As this author understands Rabbi Wagensberg’s description; when Dasan and Aviram saw the utter confusion in Mitzri ranks and that the Mitzriyim, along with their chariots and horses, sunk in the Yam Suf and that the Mitzriyim all floated back to the sea’s surface dead, the two came down on the side of joining their brethren; the winners. The two “free agents” with less than sterling track records (not to mention their ERAs) thus davened to Hashem who answered their tefillohs by doing a second k’riyat Yam Suf so that Dasan and Aviram could cross over to join their brethren.
According to Rav Wagensberg’s depiction, when Yithro, having known Dasan and Aviram had been rasha’im in Mitzrayim, saw that Hashem made a special opening in the Sea to enable them to return to their brethren, he reasoned that if Hashem accepted their Teshuva, that there was a strong chance that He would accept him (Yithro) into B’nai Yisrael. According to Rabbi Wagensberg, it was then that Yithro set out with Tzippora and Moshe’s two sons to join with the Jews.
The point here seems to be that no matter one’s past errors and indiscretions, if sincerely contrite and sincerely seeking to do Teshuva and to regain closeness with Hashem, one is able to do so, as exemplified by the letter Hay where one can fall and yet climb back up in Kedusha. But is there also a red-line? Does this axiom even apply to Ehud Barak (who has nothing but disdain for Torah and all who follow it), or to Shimon Peres (who once equated PA prime minister Salam Fayyad to Israel’s first prime minister David Ben-Gurion), to Sharon who made 9,000 of his fellow Jews Gerim in the Land of Israel, or Ya’ir Lapid and a whole host of other modern-day Dasans and Avirams with their miles-long rap sheets of anti-Jewish, anti-Torah indiscretions??

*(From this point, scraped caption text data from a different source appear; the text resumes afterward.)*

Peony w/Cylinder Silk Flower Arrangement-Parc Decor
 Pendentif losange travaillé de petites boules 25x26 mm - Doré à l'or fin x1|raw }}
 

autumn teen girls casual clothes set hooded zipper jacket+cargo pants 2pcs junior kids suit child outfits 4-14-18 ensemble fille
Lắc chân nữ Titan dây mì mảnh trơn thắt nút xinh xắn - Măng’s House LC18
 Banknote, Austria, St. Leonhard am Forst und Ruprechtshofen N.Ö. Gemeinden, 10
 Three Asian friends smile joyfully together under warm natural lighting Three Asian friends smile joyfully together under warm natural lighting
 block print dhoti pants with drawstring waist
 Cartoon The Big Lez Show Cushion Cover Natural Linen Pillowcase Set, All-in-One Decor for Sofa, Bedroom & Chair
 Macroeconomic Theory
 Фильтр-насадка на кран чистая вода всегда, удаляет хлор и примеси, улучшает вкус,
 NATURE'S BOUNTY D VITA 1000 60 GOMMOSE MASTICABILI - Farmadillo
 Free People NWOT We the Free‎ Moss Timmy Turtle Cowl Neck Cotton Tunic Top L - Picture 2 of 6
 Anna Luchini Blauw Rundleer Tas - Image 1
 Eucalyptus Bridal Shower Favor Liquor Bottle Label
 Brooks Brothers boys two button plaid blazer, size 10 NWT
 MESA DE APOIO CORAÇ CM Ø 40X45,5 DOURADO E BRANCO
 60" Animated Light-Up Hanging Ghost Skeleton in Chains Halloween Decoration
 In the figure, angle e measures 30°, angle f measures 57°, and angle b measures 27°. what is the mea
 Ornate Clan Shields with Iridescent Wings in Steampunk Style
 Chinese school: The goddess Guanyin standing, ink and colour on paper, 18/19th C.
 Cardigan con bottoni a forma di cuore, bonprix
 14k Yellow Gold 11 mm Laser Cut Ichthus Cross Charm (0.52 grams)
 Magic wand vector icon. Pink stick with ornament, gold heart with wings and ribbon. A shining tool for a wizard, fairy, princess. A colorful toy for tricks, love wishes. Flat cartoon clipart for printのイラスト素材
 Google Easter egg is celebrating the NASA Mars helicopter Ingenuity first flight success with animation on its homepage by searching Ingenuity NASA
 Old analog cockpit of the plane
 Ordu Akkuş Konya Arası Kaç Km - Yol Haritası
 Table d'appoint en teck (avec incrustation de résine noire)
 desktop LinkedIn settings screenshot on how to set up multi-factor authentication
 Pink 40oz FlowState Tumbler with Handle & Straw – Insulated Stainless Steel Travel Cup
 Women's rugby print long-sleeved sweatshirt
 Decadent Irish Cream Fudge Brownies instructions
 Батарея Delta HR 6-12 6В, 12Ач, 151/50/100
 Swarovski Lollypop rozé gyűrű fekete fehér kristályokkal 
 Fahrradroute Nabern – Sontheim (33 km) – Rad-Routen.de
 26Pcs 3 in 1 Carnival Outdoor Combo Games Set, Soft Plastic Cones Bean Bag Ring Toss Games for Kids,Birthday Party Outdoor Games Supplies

May we, the B’nai Yisrael be zocha that our brethren — the refugee families from Gush Katif be permanently settled and be made totally whole — restituted for all that was stolen from them at leftist-agendized, supreme court legalized gunpoint, that our dear brother Jonathan Pollard and the other MIAs be liberated alive returned to us in ways befitting Al Kiddush Hashem. May we have the courage to prevent the eviction of Jews from their homes and the handing of Jewish land over to enemies sworn to Israel’s and Judaism’s destruction and eradication. May we fulfill Hashem’s blueprint of B’nai Yisrael as a Unique people — an Am Segula, not to be reckoned with as with “the nations” and may we be zocha to see the Moshiach, the Ge’ula Shlaima — the Ultimate Redemption bim hay v’yameinu — speedily, in our time”, as Dov Shurin sings; “Ki Karov Yom Hashem V’Kol HaGoyim” — Achshav, Chik Chuk, Miyad, Etmol!!!
Good Shabbos!
Moshe Burt, an Oleh, is a commentator on news and events in Israel and Founder and Director of The Sefer Torah Recycling Network. He lives in Ramat Beit Shemesh.